(no title)
Darkstryder | 7 days ago
While Terence is -without a doubt- born with prodigious abilities, I think credit should also be given to his parents Billy and Grace who seem to have managed to simultaneously nurture these special abilities while still letting Terence have a happy (?) childhood. This is not easy to do.
SJC_Hacker|7 days ago
A boy in my high school class made IMO and got a gold medal (and later on won the Putnam one year). They interviewed his parents and it was a similar story.
MrOrelliOReilly|7 days ago
More importantly, it's not as though individuals like Clements or Erdos was corresponding with Terrence directly to arrange a meeting. His parents clearly played an important role in facilitating and allowing these encounters. That deserves a lot of credit!
kccqzy|7 days ago
In contrast when I was a kid and was thinking about optimizing my program to print all prime numbers, my mother, instead of telling me about the sieve of Eratosthenes, told me to do school-approved math instead.
Now shoutout to my actual math teacher, who, having been told that I got stuck on writing a program to solve simultaneous linear equations, told me about Gaussian elimination.
hnfong|7 days ago
With our society being ostensibly meritocratic regarding intelligence, people generally don't like to listen to stories that suggest that nurture and hard work aren't as important as they presume.
ferguess_k|7 days ago
But I could be wrong. He is definitely a genius so maybe he did grasp the ideas rather early, like from 3 or 4.
matsemann|7 days ago
Just the once, though, huh? [0]
[0]: https://news.ycombinator.com/item?id=35015#35079
hgomersall|7 days ago
ekjhgkejhgk|7 days ago
He learned to read and write by himself. I'm pretty sure he would've been fine regardless of shape.
sfn42|7 days ago
My problem was everything was too easy. I was bored. I would get reprimanded for not working because they gave us an hour worth of work, I finished it in 10 minutes and then did other stuff. I basically didn't have to study for anything, I just showed up and got Bs. If I put in 10% effort I got As. And all I ever got for it was yelled at for having done everything they asked me to do too fast.
So I started sitting in the back of the classroom minding my own business and trying not to be noticed. I'm convinced my life would have been very different if I hadn't been completely jaded from most of my teachers basically punishing me for being better than the rest. By my mid teens I didn't give a shit, I was happy coasting along doing better than the rest just by showing up.

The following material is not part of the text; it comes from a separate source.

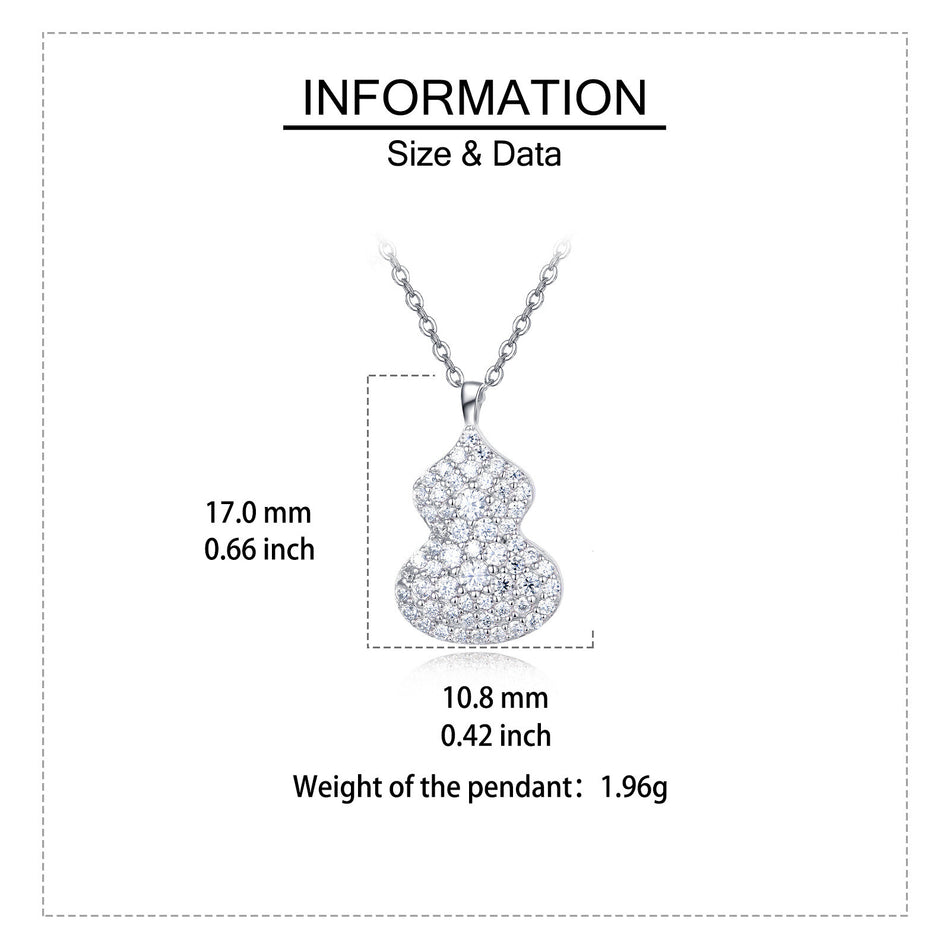 925 Sterling Silver Elegant Gourd-shaped Moissanite Pendant Necklace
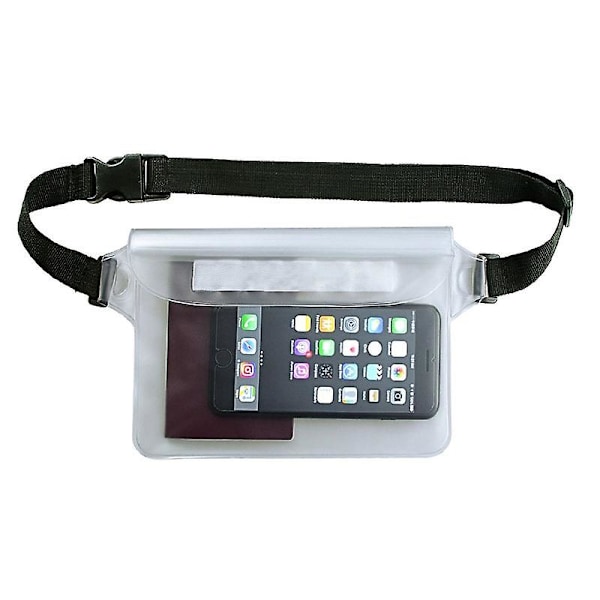 Dww-2PCS Blanc Housse tanche  Ceinture Certifie IPX8 Sangle Ajustable 3 Zipper Plastique Pochette  Ceinture/Etui Impermable/Sac pour Nautique,Pche,Kay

My choices were my own and I'm doing pretty well now. Got my shit together in my late 20s and got a CS degree. Best decision I ever made. But I can't help but think I could have ended up on a path like this much earlier if my teachers actually supported me rather than treating me like a problem.
PaulHoule|7 days ago
I was very 'school-shaped' if by school you mean I could sit quietly and read books and solve problems. More school-shaped than the other kids.
If by school you mean that bullies don't find you interesting, that nobody threatens to kill you, then I was not 'school-shaped' at all.
I was really excited to go to school on day one, within a year it tuned very bad and I wish, retrospectively, I'd had the courage to stay home.